当代绘画艺术的境遇
其实,我们今日在视觉艺术层面上的任何创造性的活动,都无法脱离开对于人类已有经验的理性判断。也就是说,当下的艺术创作,已经远远不是在古典艺术情景之中的个人化的情感表现、观念表达与理念的传达,而是切实地成为一种在人类视觉史领域之中的选择行为。
当代绘画在社会性观念艺术的风潮面前,所谓的“语言转向”也就变成了一个伪命题,因为孤立的视觉语言转向的结果是图像的泛滥。
而视觉之下“图像”与“摄影”的影响又密切相关。依此而言,摄影就是主体的在场性缺席。依据于复制性的理论,摄影本身是对于自然的复制,而当自然被转化成图像的过程之中,主体虽然存在于操控的过程之中,然而,作者却是“缺席”的。
作者的缺席直接导致了绘画死亡的论断。从对于自然的模仿到对于自然的复制,绘画在这个期间有过其短暂的“自足性”存在。这就是对于平面化的谋求。当艺术家试图从模仿自然的古典主义语境之中逃离的时候,谋求的是一种视觉幻想:原始的、埃及的、东方的、早期基督教艺术的平面性本身,就是视觉艺术自身的“自由性”表达。在这种观念的支持之下,绘画艺术首先开始了对于透视的多视点在画面的呈现,以此来显见对于剧场化绘画的超越。由于分散了画面的视点,摆脱了对于空间的凝固,使得时间性在画面之中得以流动起来。
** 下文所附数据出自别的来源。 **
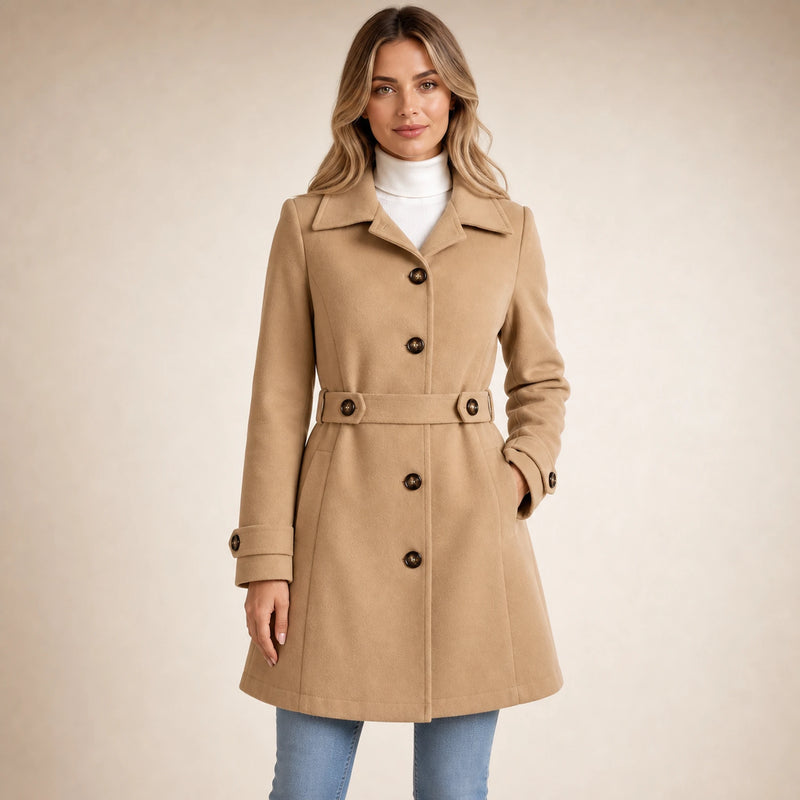 SOFAINE-V5-2026-07-07 Sofaine Emma women's belted trench coat in Khaki, worn belt and collar detail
之后消失了形象的绘画,转向了一种心理学意义上的视觉测验。由不同的视觉元素点、线、面组成的画面,还考验创作者在心理失重之下的视觉反应。也就是说,抽象绘画其实就是一种先于经验的探险,在没有任何参照之下所进行的自我拷问。它面对的是理论层面上的“真实自由”,同时也是无边无际的心理黑洞,但是这种自由的代价是迷失。最终的结果是创作者与接收者都必须进入一种诘问的过程之中,二者之间的心理平衡,是其绘画作品结果的最终验证结果。
当画面上的自由得到之后,这种抽象画面失去方位的绝对性,也就进入到一种迅速的繁殖状态,它抵达的是一种无边的视觉复制与意义的极速衰减。于是,方法论被提示到抽象艺术的前沿地带。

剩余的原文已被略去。